Background: Polycystic ovarian syndrome (PCOS) is a hormonal disorder caused by excessive secretion of male sex hormones in females. Herbal remedies for PCOS are lightning up as they bypass the adverse effects and are profoundly safe on prolonged usage.

Objective: The present study included a selection of 34 herbs pursuing biological effects on the uterus, and their major chemical constituents were subjected to a series of in silico techniques using different software. The proteins contributing majorly to the hormonal functions like Human cytochrome P450 CYP17A1 (3RUK), Progesterone (1E3K), and estrogen receptor (1X7R) were selected for the study.
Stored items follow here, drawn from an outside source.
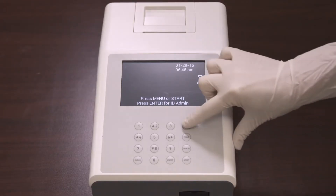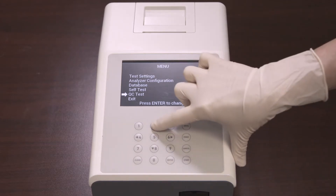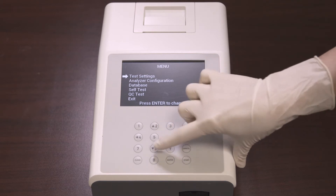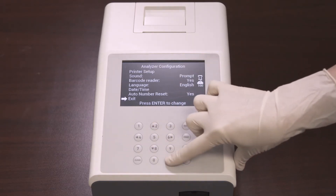Press Menu from the initial screen to access the test settings, analyzer configuration, and QC test. Use the up and down arrows on the keyboard to move along the menu. Press Enter to select an item on the menu. This is true for all menu screens.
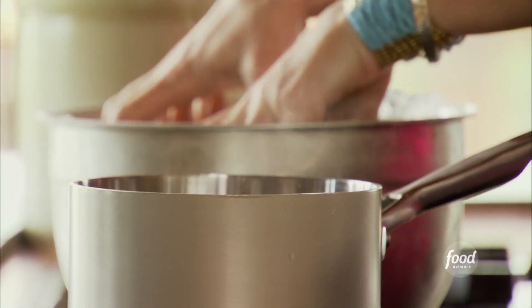I just put ice into the pan. That'll help them cool down really quickly. I'm going to let the eggs chill, the potatoes cook, and then I'll move forward with the potato salad.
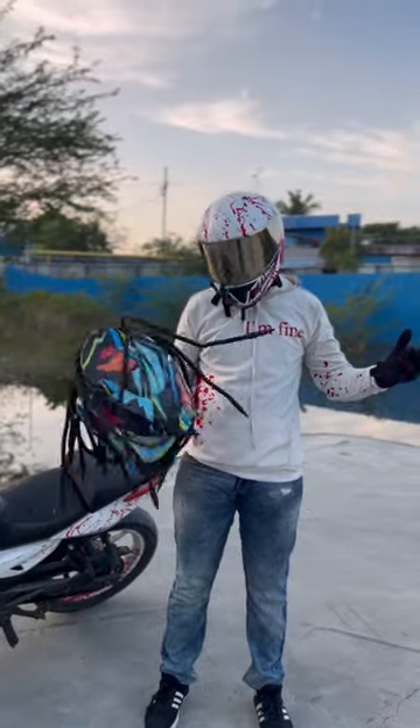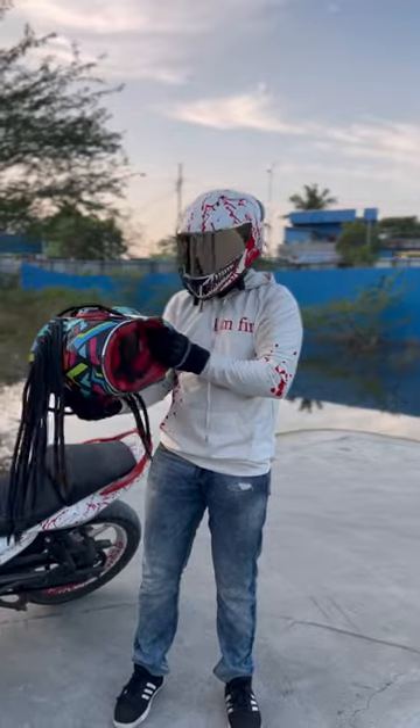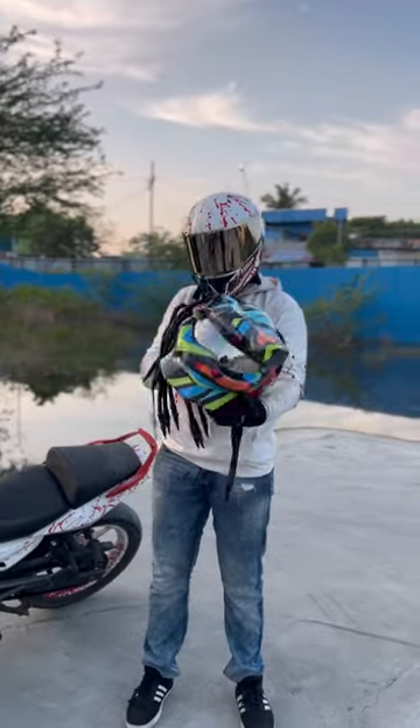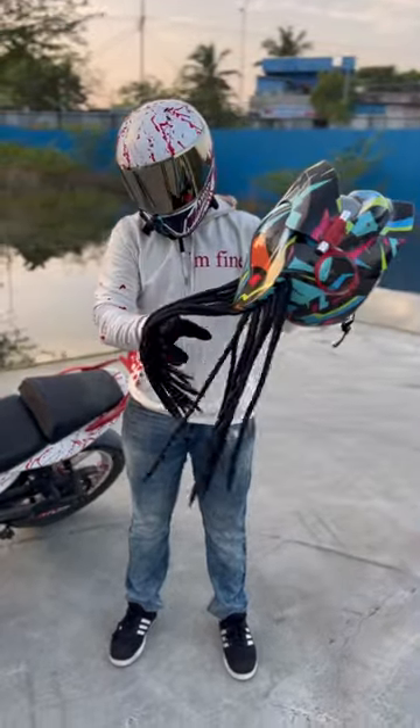Hey Brex squad, we are going to talk about a Predator helmet today. This is a review of a Predator helmet. If you have a thread set up, you will have a tight fit and a Predator look.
Methods: Molecular docking studies were performed using AutoDock 1.5.7. The pharmacokinetic properties were predicted using the SwissADME online tool, while toxicity parameters were assessed with OSIRIS toxicity explorer and pkCSM. Molecular dynamics simulations and free energy calculations were performed using the Schrödinger suite.

Results: Constituents with a basic steroidal nucleus demonstrated high binding energy values. An analysis of all the in silico techniques showed that Sarsasapogenin from Asparagus racemosus exhibited strong binding energies of -10.88 kcal/mol, -10.51 kcal/mol, and -9.79 kcal/mol with the selected specific proteins. In molecular dynamics simulations, Sarsasapogenin displayed ideal stability, with RMSD fluctuations below 3 Å and RMSF slightly higher than the corresponding peak of apoprotein. Additionally, it showed a favorable druglikeness profile and non-toxic effects across all screened parameters.

Conclusion: From the list of the selected constituents, sarsasapogenin was found to be ideal, and further research on it for targeting PCOS is expected to yield promising results.

通过硅学对接、毒性、药代动力学和分子动力学方法筛选最佳植物成分,以防治多囊卵巢综合征。
背景:多囊卵巢综合征(PCOS)是一种因女性体内雄性激素分泌过多而导致的内分泌失调症。治疗多囊卵巢综合症的草药疗法因其可避免不良反应且长期服用非常安全而如雨后春笋般出现:本研究精选了 34 种对子宫有生物作用的草药,并使用不同的软件对其主要化学成分进行了一系列硅学技术研究。研究选择了对激素功能有主要贡献的蛋白质,如人细胞色素 P450 CYP17A1 (3RUK)、孕酮 (1E3K) 和雌激素受体 (1X7R):使用 AutoDock 1.5.7 进行了分子对接研究。药代动力学特性使用 SwissADME 在线工具进行预测,毒性参数则使用 OSIRIS toxicity explorer 和 pkCSM 进行评估。分子动力学模拟和自由能计算使用 Schrödinger 套件进行:结果:具有基本类固醇核的成分显示出较高的结合能值。通过对所有硅学技术的分析表明,天门冬皂苷与所选特定蛋白质的结合能分别为-10.88 kcal/mol、-10.51 kcal/mol和-9.79 kcal/mol。在分子动力学模拟中,菝葜皂苷元显示出理想的稳定性,其 RMSD 波动低于 3 Å,RMSF 略高于载脂蛋白的相应峰值。此外,在所有筛选参数中,它都显示出良好的亲药性和无毒作用:结论:从所选成分列表中发现,菝葜皂苷元是一种理想的成分,对其针对多囊卵巢综合征的进一步研究有望取得可喜成果。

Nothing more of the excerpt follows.